§ Required work: From the entries that follow, reproduce exactly and only the lines from the line with "Photo 12 VIN: 1FMCU02ZX8KD57713" to the line with "Wooden bar cart", endpoints included.

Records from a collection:
* * *
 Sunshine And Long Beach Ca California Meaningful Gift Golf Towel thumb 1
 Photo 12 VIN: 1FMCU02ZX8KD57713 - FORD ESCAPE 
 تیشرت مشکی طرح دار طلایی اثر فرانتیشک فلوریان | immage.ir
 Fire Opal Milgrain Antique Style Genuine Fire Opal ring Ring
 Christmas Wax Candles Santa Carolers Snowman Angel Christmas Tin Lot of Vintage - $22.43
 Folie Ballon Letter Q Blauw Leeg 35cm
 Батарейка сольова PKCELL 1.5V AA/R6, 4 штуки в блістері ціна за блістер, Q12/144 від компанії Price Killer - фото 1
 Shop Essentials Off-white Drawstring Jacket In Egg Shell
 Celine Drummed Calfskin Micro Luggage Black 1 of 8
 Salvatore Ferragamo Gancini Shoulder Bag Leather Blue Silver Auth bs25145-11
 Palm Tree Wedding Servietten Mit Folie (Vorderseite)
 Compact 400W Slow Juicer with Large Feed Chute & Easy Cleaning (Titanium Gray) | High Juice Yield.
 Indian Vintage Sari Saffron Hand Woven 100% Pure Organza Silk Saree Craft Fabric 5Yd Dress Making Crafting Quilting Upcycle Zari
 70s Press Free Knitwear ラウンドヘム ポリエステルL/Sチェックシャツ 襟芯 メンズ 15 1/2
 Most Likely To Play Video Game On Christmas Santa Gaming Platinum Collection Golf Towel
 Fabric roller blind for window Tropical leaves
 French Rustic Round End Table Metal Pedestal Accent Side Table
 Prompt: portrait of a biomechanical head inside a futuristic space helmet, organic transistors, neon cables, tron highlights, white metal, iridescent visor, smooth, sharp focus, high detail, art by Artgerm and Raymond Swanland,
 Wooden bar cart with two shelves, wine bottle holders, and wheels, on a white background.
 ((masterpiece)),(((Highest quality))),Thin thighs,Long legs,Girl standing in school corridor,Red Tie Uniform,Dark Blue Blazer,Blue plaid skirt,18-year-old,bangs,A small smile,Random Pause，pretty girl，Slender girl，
* * *
§ Your response:
 Photo 12 VIN: 1FMCU02ZX8KD57713 - FORD ESCAPE 
 تیشرت مشکی طرح دار طلایی اثر فرانتیشک فلوریان | immage.ir
 Fire Opal Milgrain Antique Style Genuine Fire Opal ring Ring
 Christmas Wax Candles Santa Carolers Snowman Angel Christmas Tin Lot of Vintage - $22.43
 Folie Ballon Letter Q Blauw Leeg 35cm
 Батарейка сольова PKCELL 1.5V AA/R6, 4 штуки в блістері ціна за блістер, Q12/144 від компанії Price Killer - фото 1
 Shop Essentials Off-white Drawstring Jacket In Egg Shell
 Celine Drummed Calfskin Micro Luggage Black 1 of 8
 Salvatore Ferragamo Gancini Shoulder Bag Leather Blue Silver Auth bs25145-11
 Palm Tree Wedding Servietten Mit Folie (Vorderseite)
 Compact 400W Slow Juicer with Large Feed Chute & Easy Cleaning (Titanium Gray) | High Juice Yield.
 Indian Vintage Sari Saffron Hand Woven 100% Pure Organza Silk Saree Craft Fabric 5Yd Dress Making Crafting Quilting Upcycle Zari
 70s Press Free Knitwear ラウンドヘム ポリエステルL/Sチェックシャツ 襟芯 メンズ 15 1/2
 Most Likely To Play Video Game On Christmas Santa Gaming Platinum Collection Golf Towel
 Fabric roller blind for window Tropical leaves
 French Rustic Round End Table Metal Pedestal Accent Side Table
 Prompt: portrait of a biomechanical head inside a futuristic space helmet, organic transistors, neon cables, tron highlights, white metal, iridescent visor, smooth, sharp focus, high detail, art by Artgerm and Raymond Swanland,
 Wooden bar cart with two shelves, wine bottle holders, and wheels, on a white background.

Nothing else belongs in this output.